The shocking attack at the San Francisco home of House Speaker Nancy Pelosi gave The New York Times all the excuse it needed to blame violent Republican rhetoric.
Reporter Catie Edmondson launched the blame game in Sunday’s edition with “Pelosi Attack Highlights Increasing Fears of Violence Incited by Politics,” blaming not the deluded home invader himself, but some mean things Republicans have said about Pelosi over the last two decades:
And it highlighted how Ms. Pelosi, the first female speaker of the House of Representatives and a longtime fixture of Democratic politics, has been increasingly demonized by Republicans….
The paper expanded on the idea with an 1,800-word story on the front of Monday’s edition. Reporters Annie Karni, Catie Edmondson and Carl Hulse teamed up under a headline meant to confirm GOP guilt by association: “Nancy Pelosi, Vilified by G.O.P. for Years, Is a Top Target of Threats.”
The same paper that celebrates every time unfunny Saturday Night Live mocks a conservative...suddenly can’t take a joke, declaring the GOP's mere opposition to Pelosi was “demoniz[ing] and dehumaniz[ing]” (click “expand”):
In 2009, the Republican National Committee ran an advertisement featuring Ms. Pelosi’s face framed by the barrel of a gun -- complete with the sound of a bullet firing as red bled down the screen -- a takeoff on the James Bond film “Goldfinger” in which the woman second in line to the presidency was cast as Pussy Galore.
The attack on Ms. Pelosi’s husband, Paul Pelosi, on Friday, which left him with a fractured skull and appeared to be part of a planned attack on the speaker herself, came after a yearslong campaign by Republicans to demonize and dehumanize Ms. Pelosi in increasingly ugly ways.
For the better part of two decades, Republicans have targeted Ms.
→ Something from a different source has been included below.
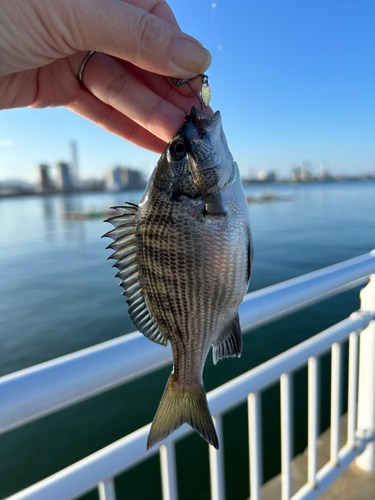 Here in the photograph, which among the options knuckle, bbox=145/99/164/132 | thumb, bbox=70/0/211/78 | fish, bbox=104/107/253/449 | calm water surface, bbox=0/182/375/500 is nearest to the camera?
fish, bbox=104/107/253/449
Pelosi, the most powerful woman in American politics, as the most sinister Democratic villain of all, making her the evil star of their advertisements and fund-raising appeals in hopes of animating their core supporters. The language and images have helped to fuel the flames of anger at Ms. Pelosi on the right, fanned increasingly in recent years by a toxic stew of conspiracy theories and misinformation that has thrived on the internet and social media, with little pushback from elected Republicans.
One does not see this intensity of Times outrage after Republican politicians are attacked by ideologically motivated (as opposed to just crazy, like Pelosi's attacker) men like James Hodgkinson, who shot at Republican congressmen on a baseball field in 2017, gravely wounding CongressmanSteve Scalise (R-LA).
Republican Senator Rand Paul of Kentucky has been physically attacked on at least two occasions, to the despicable mirth of leftist Twitterati and even Democratic U.S. Senate candidates. He certainly hasn’t received any Pelosi-style sympathy cards from The Times.
The paper unwittingly outed itself as left-wing, lamenting that “[t]he vilification of Ms. Pelosi increased in recent years, when she emerged as the Democrats’ most potent foil to Mr. Trump” with Trump having “branded her ‘crazy as a bedbug’” while, in contrast, “the left turned her into a sunglasses-wearing icon”.
But The Times itself twice turned Pelosi into a “sunglasses-wearing icon” in its news pages, both courtesy of reporter Sheryl Gay Stolberg, following a “triumphant” Pelosi confrontation with Trump in the Oval Office. Stolberg gushed the Speaker's “power stride out of the White House that day, in dark sunglasses and an orange coat, turned Ms. Pelosi into a fashion trendsetter.”